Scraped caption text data
·····
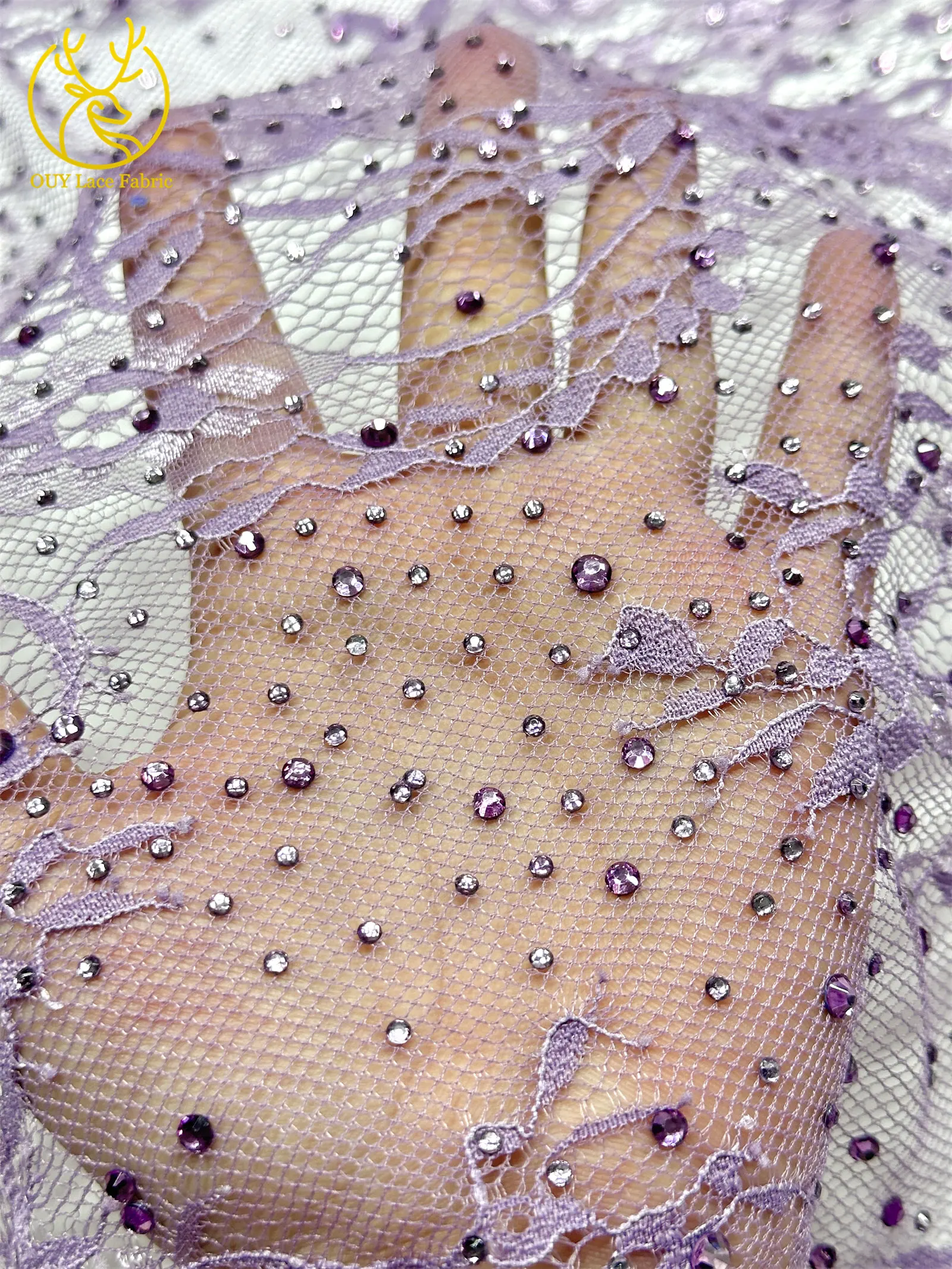 5 Yards französische Stickerei-Tüll-Diamantspitze, nigerianische afrikanische Pailletten-Perlen-Spitze für Damen, Partykleid, Hochzeitskleid, Nähen – Detail 8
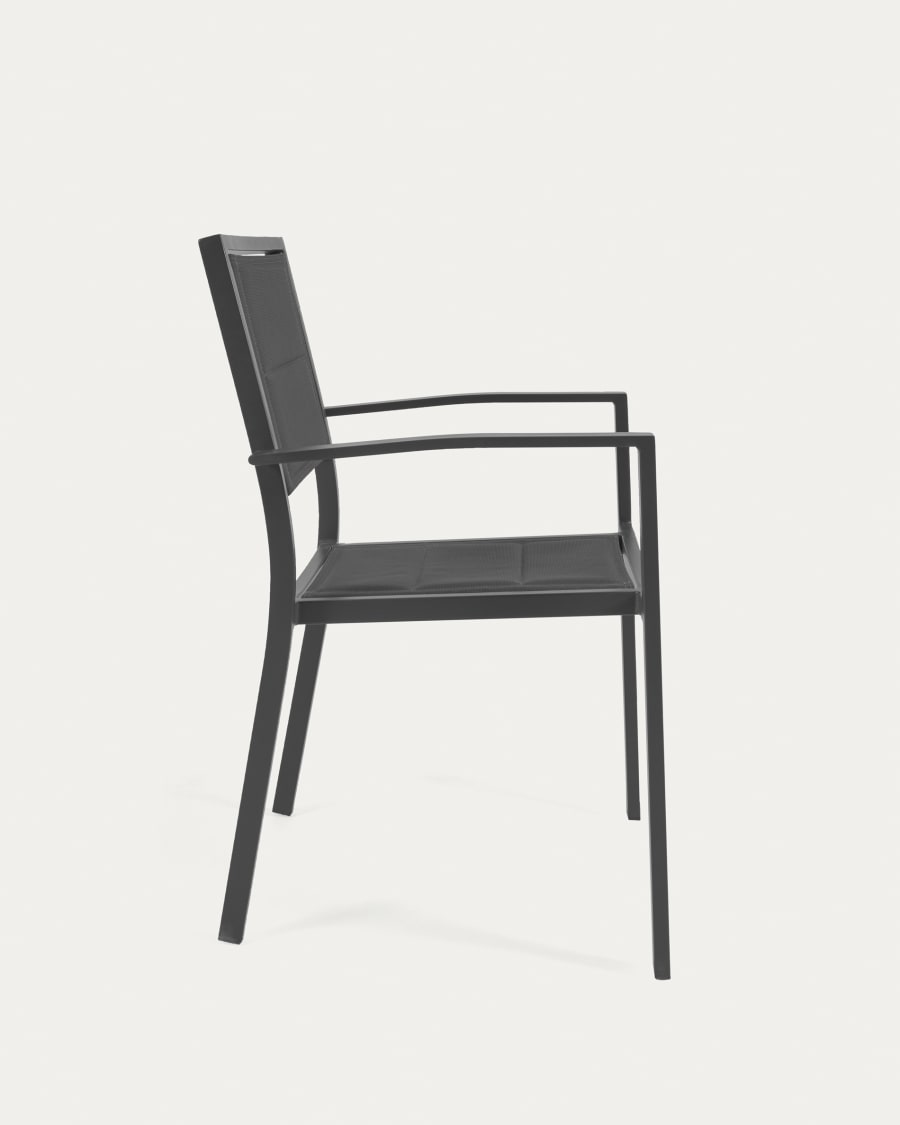 Sirley stackable outdoor chair in black aluminium and texteline
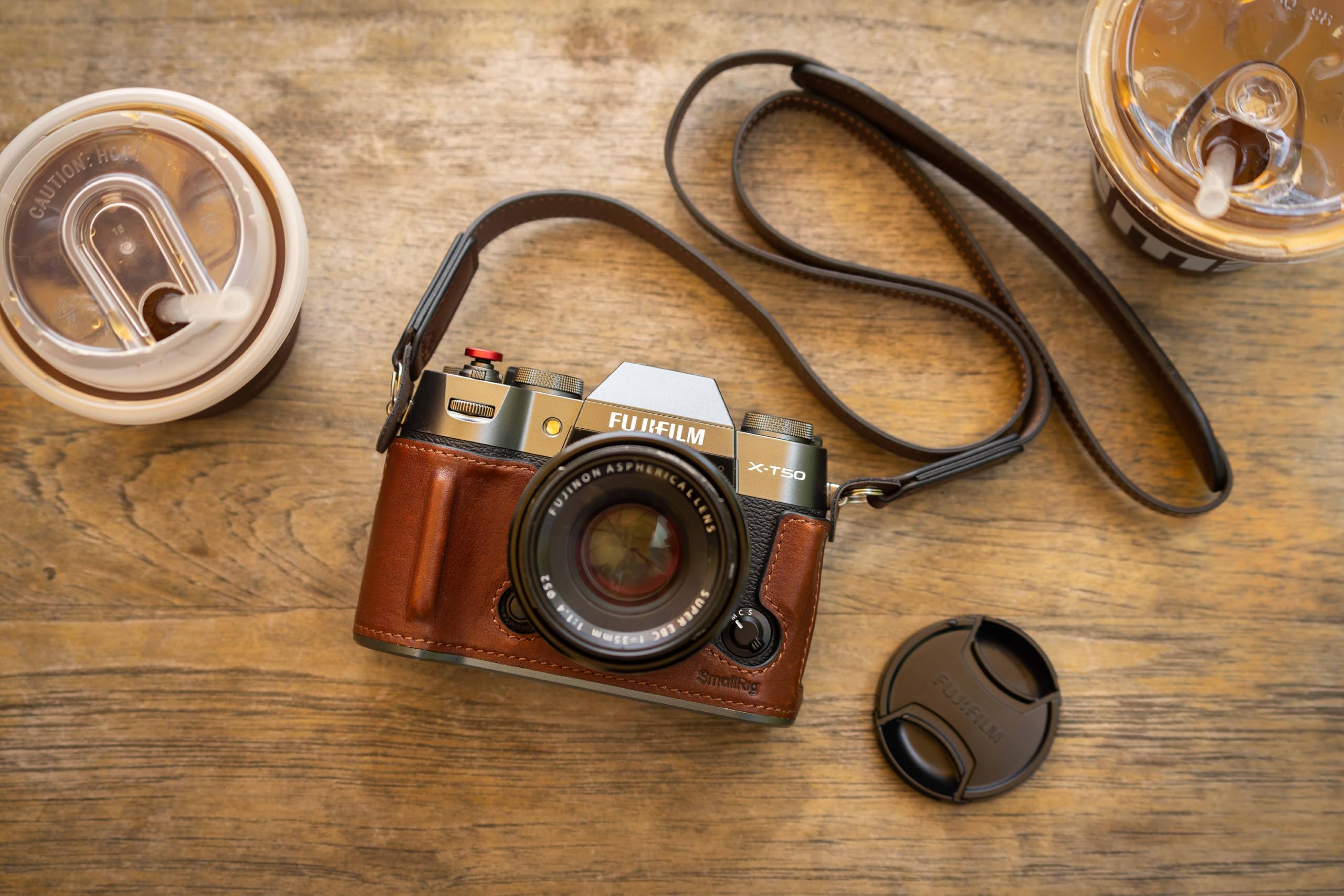 smallrig-4710-half-case-f-r-fujifilm-x-t50-halbleder-braun-gurt image 7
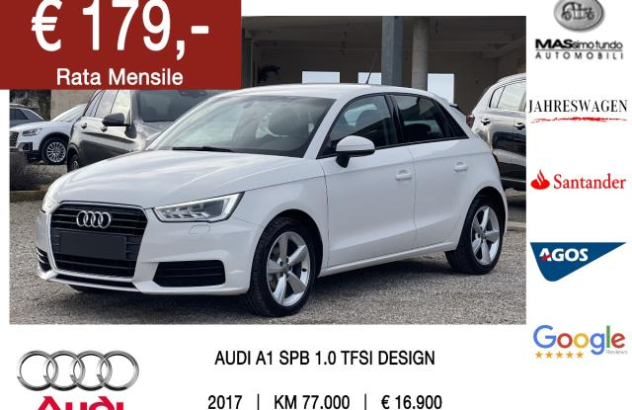 AUDI A1 SPB 1.0 TFSI ultra Admired Benzina 2017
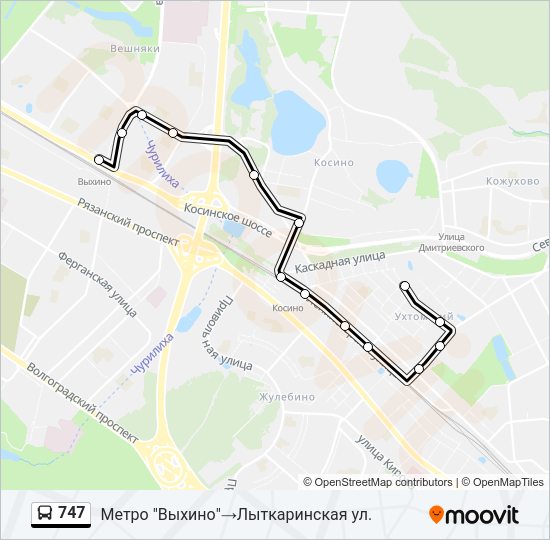 Автобус 747: карта маршрута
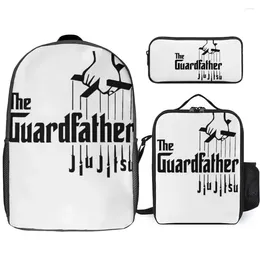 Ryggsäck Jiu Jitsu The Guardfather Essential för Secure Cozy Field Pack 3 i 1 Set 17 Inch Lunch Bag Pen Travel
·····
REQUIRED ACTION:
In the copy, include every line of the entries above exactly and none of the pictures.

SOLUTION TO THE EXERCISE:
 5 Yards französische Stickerei-Tüll-Diamantspitze, nigerianische afrikanische Pailletten-Perlen-Spitze für Damen, Partykleid, Hochzeitskleid, Nähen – Detail 8
 Sirley stackable outdoor chair in black aluminium and texteline
 smallrig-4710-half-case-f-r-fujifilm-x-t50-halbleder-braun-gurt image 7
 AUDI A1 SPB 1.0 TFSI ultra Admired Benzina 2017
 Автобус 747: карта маршрута
 Ryggsäck Jiu Jitsu The Guardfather Essential för Secure Cozy Field Pack 3 i 1 Set 17 Inch Lunch Bag Pen Travel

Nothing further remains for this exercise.